Avant de jeter l’éponge
Même dans les cordes, Camus n’est pas en reste. Actif comme peut l’être un vrai pacifiste, il multiplie les initiatives pour convaincre les démocrates des deux camps dans sa Lettre à un militant algérien. En janvier 1956, il organise à Alger une réunion pour une trêve civile, une réunion à laquelle participe Germaine Tillon (voir page 14). Il se dresse contre les tortures opérées du côté français comme du côté du peuple arabe. Mais des deux côtés, il est considéré comme un traitre. Son plan de fédération est méconnu. Personne ne le comprend. Il devient la cible de plusieurs attentats. Les coups pleuvent. Il sait qu’il va perdre. La poursuite de la guerre semble inévitable. C’est la Chute. Il met un genou à terre. Se relève. Alors qu’il est dans les vaps, Albert Camus l’anticolonialiste se prononce contre l’indépendance de l’Algérie. Dans Algérie 1958, il va même jusqu’à dire que cette revendication n’est pas celle du peuple arabe. Discrédité, à partir de 1958, il n’interviendra plus sur le sujet : il a perdu. K.O. debout.

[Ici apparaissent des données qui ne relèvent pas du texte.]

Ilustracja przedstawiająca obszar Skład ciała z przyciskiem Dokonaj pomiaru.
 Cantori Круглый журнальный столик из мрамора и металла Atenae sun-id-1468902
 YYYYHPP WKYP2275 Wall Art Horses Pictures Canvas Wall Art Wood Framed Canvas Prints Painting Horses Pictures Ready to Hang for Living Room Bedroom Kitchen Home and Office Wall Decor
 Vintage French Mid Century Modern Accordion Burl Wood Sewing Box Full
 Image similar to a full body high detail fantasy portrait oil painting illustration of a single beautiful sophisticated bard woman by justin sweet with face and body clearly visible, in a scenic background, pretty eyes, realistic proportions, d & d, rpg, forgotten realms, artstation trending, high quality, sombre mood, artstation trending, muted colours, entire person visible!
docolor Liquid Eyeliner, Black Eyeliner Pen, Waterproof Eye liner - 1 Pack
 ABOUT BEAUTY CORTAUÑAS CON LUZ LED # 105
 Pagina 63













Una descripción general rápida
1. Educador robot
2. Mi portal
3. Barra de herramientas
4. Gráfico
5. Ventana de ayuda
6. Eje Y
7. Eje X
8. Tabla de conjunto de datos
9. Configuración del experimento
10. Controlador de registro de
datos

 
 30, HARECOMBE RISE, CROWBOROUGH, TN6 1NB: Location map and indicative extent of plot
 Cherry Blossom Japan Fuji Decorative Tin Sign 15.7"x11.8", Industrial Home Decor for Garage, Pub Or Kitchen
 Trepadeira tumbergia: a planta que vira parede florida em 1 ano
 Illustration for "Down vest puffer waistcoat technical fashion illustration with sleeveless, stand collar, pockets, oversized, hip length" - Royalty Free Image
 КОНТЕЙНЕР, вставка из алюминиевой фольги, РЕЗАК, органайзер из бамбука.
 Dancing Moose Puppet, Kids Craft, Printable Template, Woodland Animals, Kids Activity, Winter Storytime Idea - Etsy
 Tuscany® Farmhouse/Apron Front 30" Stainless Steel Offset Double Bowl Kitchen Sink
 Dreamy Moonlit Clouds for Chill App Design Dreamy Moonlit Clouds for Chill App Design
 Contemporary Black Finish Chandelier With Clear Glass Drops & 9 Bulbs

C’est le début de la fin ? Sartre, au milieu du ring, le regard lointain, se souvient de sa « naissance de l’Histoire ». C’est en 1938, avec les Accords de Munich (entre Hitler, Mussolini, Chamberlain et Daladier) où les pacifistes ont cédé aux fascistes, préférant la lâcheté plutôt que prendre la mesure de leur responsabilité. Ce désaveu créera en lui un choc intellectuel et philosophique. Malgré son incompétence dans des domaines essentiels (courage, organisation), à l’heure de la France de Vichy, la nécessité de la résistance devient chez lui une évidence. Il faut réagir. Toujours. Alors plus tard, dans la préface des Damnés de la Terre de Frantz Fanon (voir page17), Sartre écrit « « Ils ont bonne mine, les non-violents. Ni victime, ni bourreau » et plus loin : « Mais si le régime tout entier et jusqu'à nos non-violentes pensées sont conditionnées par une oppression millénaire, votre passivité ne sert qu'à vous ranger du côté des oppresseurs ». Camus n’a pas compris le sens de l’Histoire, semble dire Sartre en le voyant tomber. Pour l’existentialiste, le pacifisme n’est que passivité. Selon lui, le contexte de la colonisation justifie la réaction armée des opprimés, terrorisme inclus. L’arbitre va interrompre le match. L’un voulait plus d’égalité mais pas de l’indépendance. L’autre voulait plus de socialisme mais pas de fédéralisme. Fin de match ? L’un voulait le pacifisme, quand l’autre justifiait le terrorisme. Fin de match. L’Histoire donne son avis : Camus avait le cœur pour lui, quand Sartre avait la raison.